**Work task**
For this exercise, please transcribe exactly and only the lines from the one containing "Resep Sayur mentimun yang Lezat Sekali" through the end of the material, both ends included, without pictures.

**Source data**

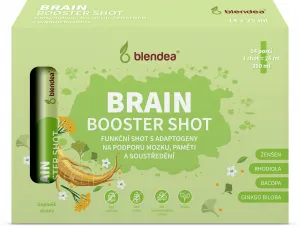 BLENDEA Brain booster shot ampulky 350 ml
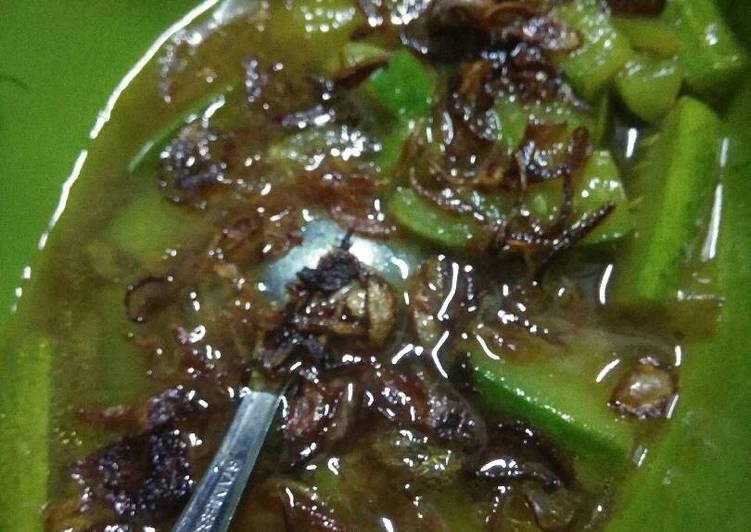 Resep Sayur mentimun yang Lezat Sekali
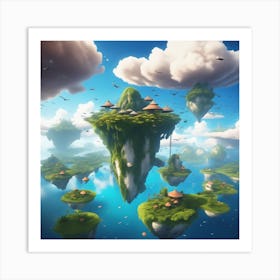 Fantasy Art 124 Art Print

**Task response**
 Resep Sayur mentimun yang Lezat Sekali
 Fantasy Art 124 Art Print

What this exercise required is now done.